It's a remarkably good sign that, if you're not paying close attention, it's easy at first to miss the fact that The Perks of Being a Wallflower is set in the 1980s. Sure, there's a very standard definition television in the Kelmeckis' living room and Dexy's Midnight Runners at the school dance, but the lack of cell phones isn't glaring. I'm not sure if that's by design or because Charlie (Logan Lerman) is such an engrossing character, but it lends a timeless quality to the proceedings that sticks even once its '80s-ness becomes more obvious.
Charlie is an incoming high school freshman in a Pittsburgh suburb who is recovering from a vague nervous breakdown brought on by the death of his aunt in a car accident. He is fragile and friendless -- the sensitive writer type -- until he gets taken in by upperclassmen stepsiblings Patrick (Ezra Miller) and Sam (Emma Watson), the leaders of a fringe clique that self-identifies as "The Wallflowers."
Charlie falls hard for Sam, and that is a massive part of the second and third acts, but what I liked so much about Perks is that Charlie's relationship with Patrick is equally as important to his character development as is the fact that he must come to terms with the breakdown that left him so isolated in the first place.

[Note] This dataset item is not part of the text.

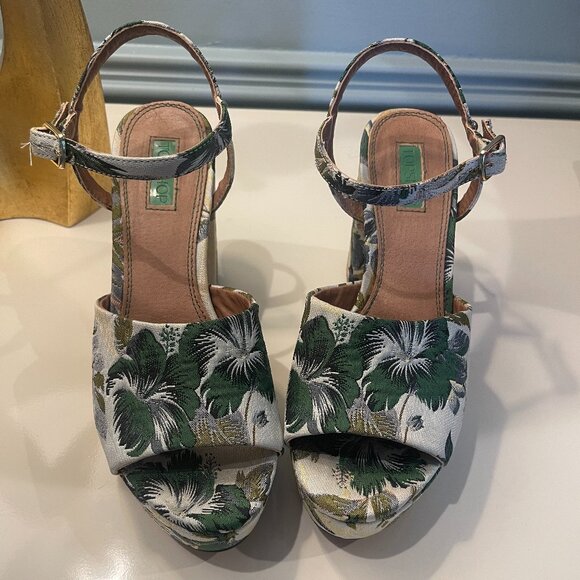 Topshop Floral Lava Ankle Strap Wedge 7.5 - Picture 2 of 6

There have been innumerable coming-of-age films over the years. Superficially, almost all of them center on a loner/outsider like Charlie who finds meaning through a young woman that will actually give him the time of day. The Perks of Being a Wallflower does this part of things better than most and goes far beyond that template, giving rich and textured life to a cast of supporting characters that you don't normally see.